This link gives some of the areas affected

[broken link removed]


----------



## aircobra19 (11 Aug 2008)

ang1170 said:


> ...
> Over- or just plain-bad development, call it what you will, it's certainly a factor, which is the point the OP was making.
> 
> My parents house has now had sewage backing up through a manhole in their garden twice in the last six months. There has been huge amounts of development (most of it contrary to the council's own development plan) in the area over the last 10 years. And then some people are surprised at the extent of the flooding.
> ...


 
Bad development and overdevelopment are not the same thing.


----------



## Eanair (11 Aug 2008)

> Might be easier if you just say where your house is and others might able to give you an update?



Sorry, yes - that would have been simpler. Dublin 8 - Cork Street area, though I see from Ris's link that this doesn't seem to be one of the affected areas. Thanks.


----------



## ClubMan (11 Aug 2008)

Yeah - I'm not aware of _Cork Street _having been affected. It's on high ground anyway isn't it so that might have helped.


----------



## Bamhan (11 Aug 2008)

The flooding in Dublin was not nearly as destructive as the flooding in Newcastle West in County Limerick, or Mallow in County Cork.


----------



## ang1170 (11 Aug 2008)

ClubMan said:


> Are you suggesting that the flooding may have been due in part (or full?) to overdevelopment or something?.


 


ClubMan said:


> I'd be angry too if my house was flooded. But I wouldn't necessarily be looking to blame it on anybody else.


 
Maybe I misunderstood what you were saying, but I took the above to mean that you were (implicitely) disagreeing with the suggestion of the OP that overdevelopment had a part in the flooding.

If that's not what you are saying, maybe you could clarify?
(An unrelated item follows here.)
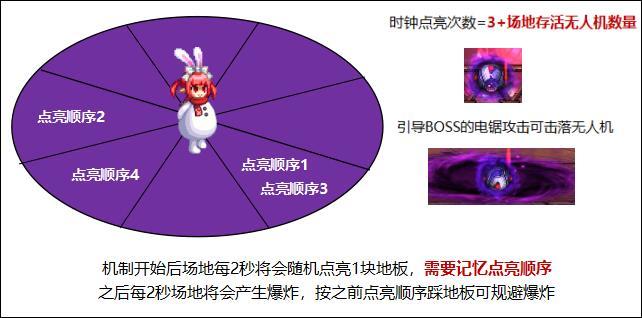 dnf机械战神GB1赫普斯怎么打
Maybe you agree with him?


----------



## ClubMan (13 Aug 2008)

My point was that the major contributory factor was most likely simply the extremely heavy rain that we had (c. one month's worth in a 24 hour period if I'm not mistaken) and not other factors such as "over" development etc. That view seems to be supported by coverage of recent events elsewhere.


----------



## aircobra19 (13 Aug 2008)

Phoenix park had floods in it too. As did roads with little or no development on them.


----------



## jenzz (16 Aug 2008)

If any one is affected by flood damage dont contact your insurance company contact an assessor - With the estimate of 100m in claims the insurance companies will not doubt be trying to minimise paying out where they can.


----------



## Ed054 (16 Aug 2008)

I am an assessor and certainly from what I have seen over the past week insurers are are being very tight and in the case of one appartment block have turned down all the claims on the grounds of "structural defect"
If you are looking after a claim yourself and not using the services of an assessor take loads of photos and find as many original invoices as possible.
And most importantly do not accept the insurers first settlement offer.

Ed


----------